PDA

View Full Version : SLES 12 HAE - fence_scsi not working



vobelic
17-Jun-2015, 00:54
Hi,

I've been trialing SLES 12 and HAE.
Setup consists of a 2node active-passive cluster with NFS.
Problem I have is that fence_scsi stonith agent doesn't seem to work.

I'm getting an error

pengine[7241]: warning: unpack_rsc_op_failure: Processing failed op start for storage-fence on fs009b: unknown error (1)
and crm status shows

storage-fence_start_0 on fs009a 'unknown error' (1): call=18, status=Error, last-rc-change='Wed Jun 17 00:51:40 2015', queued=0ms, exec=1093ms
storage-fence_start_0 on fs009b 'unknown error' (1): call=18, status=Error, last-rc-change='Wed Jun 17 00:56:42 2015', queued=0ms, exec=1101ms



2015-06-17T01:34:29.156751+02:00 hrzgiufs009a stonithd[25547]: warning: log_operation: storage-fence:25670 [ ERROR:root:Failed: nodename or key is required ]
2015-06-17T01:34:29.156988+02:00 hrzgiufs009a stonithd[25547]: warning: log_operation: storage-fence:25670 [ ]
2015-06-17T01:34:29.157234+02:00 hrzgiufs009a stonithd[25547]: warning: log_operation: storage-fence:25670 [ ERROR:root:Please use '-h' for usage ]
2015-06-17T01:34:29.157460+02:00 hrzgiufs009a stonithd[25547]: warning: log_operation: storage-fence:25670 [ ]





The command fence_scsi works on the other hand:

fs009a:~ # fence_scsi -d /dev/mapper/mpath_test-3par -n fs009b -o off
Success: Already OFF
fs009a:~ # fence_scsi -d /dev/mapper/mpath_test-3par -n fs009a -o on
Success: Already ON

I'm guessing fence_scsi running under corosync doesn't get the key/nodename supplied.

Here's some config:


# crm configure show
node 739719956: fs009a \
attributes maintenance=off standby=off
node 739719957: fs009b \
attributes maintenance=off standby=off
primitive clusterIP IPaddr2 \
params ip=172.23.59.22 cidr_netmask=25 \
op monitor interval=10s timeout=20s \
op stop interval=0s timeout=20s \
op start interval=0 timeout=20s
primitive fs_storage_test Filesystem \
params device="/dev/mapper/mpath_test-3par_part1" directory="/TEST" fstype=ext4 \
op monitor timeout=40 interval=20 \
op start timeout=60 interval=0 \
op stop timeout=60 interval=0 \
meta target-role=Started
primitive nfs-server systemd:nfsserver \
op monitor interval=60 timeout=15 \
op start interval=0 timeout=15 \
op stop interval=0 timeout=15
primitive storage-fence stonith:fence_scsi \
params action=off devices="/dev/mapper/mpath_test-3par" verbose=false \
op monitor interval=60s timeout=0s \
meta target-role=Started
group nas-service clusterIP fs_storage_test nfs-server \
meta target-role=Started
location constraint-location-a nas-service 100: fs009a
property cib-bootstrap-options: \
dc-version=1.1.12-ad083a8 \
cluster-infrastructure=corosync \
cluster-name=fs009 \
stonith-enabled=true \
no-quorum-policy=stop \
last-lrm-refresh=1434493344
rsc_defaults rsc-options: \
resource-stickiness=100

totem {
#The maximum number of messages that may be sent by one processor on receipt of the token.
max_messages: 20

#The virtual synchrony filter type used to indentify a primary component.

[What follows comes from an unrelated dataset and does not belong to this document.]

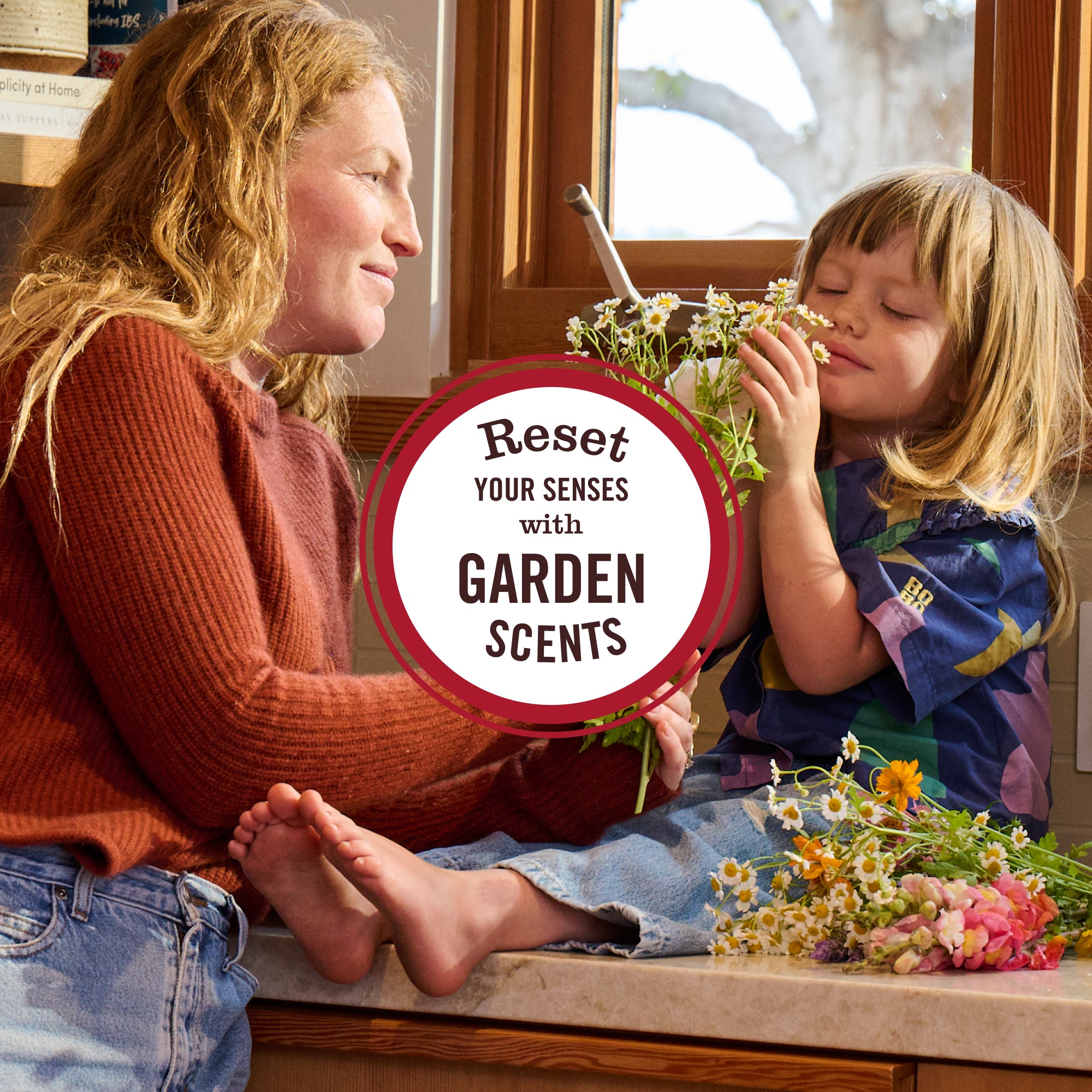 Iowa Pine Room Freshener - Image 8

Change with care.
vsftype: none

#Used for mutual node authentication
crypto_cipher: none

#HMAC/SHA1 should be used to authenticate all message
secauth: on

#How many token retransmits should be attempted before forming a new configuration.
token_retransmits_before_loss_const: 10

#How many threads should be used to encypt and sending message. Only have meanings when secauth is turned on
threads: 16

interface {
#Network Address to be bind for this interface setting
bindnetaddr: 172.23.59.0

#The multicast port to be used
mcastport: 5405

#The ringnumber assigned to this interface setting
ringnumber: 0

#Time-to-live for cluster communication packets
ttl: 1

}
interface {
#Network Address to be bind for this interface setting
bindnetaddr: 10.99.99.0

#The multicast port to be used
mcastport: 5405

#The ringnumber assigned to this interface setting
ringnumber: 1

}
#How long to wait for consensus to be achieved before starting a new round of membership configuration.
consensus: 6000

#To make sure the auto-generated nodeid is positive
clear_node_high_bit: yes

#Used for mutual node authentication
crypto_hash: none

#The mode for redundant ring. None is used when only 1 interface specified, otherwise, only active or passive may be choosen
rrp_mode: active

#How long to wait for join messages in membership protocol. in ms
join: 60


#This specifies the name of cluster
cluster_name: fs009

#Timeout for a token lost. in ms
token: 5000

#The only valid version is 2
version: 2

#Transport protocol
transport: udpu

}
nodelist {
node {
#ring0 address
ring0_addr: fs009a

#ring1 address
ring1_addr: fs009a-2

}
node {
#ring0 address
ring0_addr: fs009b

#ring1 address
ring1_addr: fs009b-2

}
}
logging {
#Log to a specified file
to_logfile: no

#Log timestamp as well
timestamp: on

#Facility in syslog
syslog_facility: daemon

logger_subsys {
#Enable debug for this logger.

debug: on

#This specifies the subsystem identity (name) for which logging is specified

subsys: QUORUM

}
#Log to syslog
to_syslog: yes

#Whether or not turning on the debug information in the log



I've found this issue here: https://access.redhat.com/solutions/1421063

Any idea?

Automatic reply
22-Jun-2015, 05:30
vobelic,

It appears that in the past few days you have not received a response to your
posting. That concerns us, and has triggered this automated reply.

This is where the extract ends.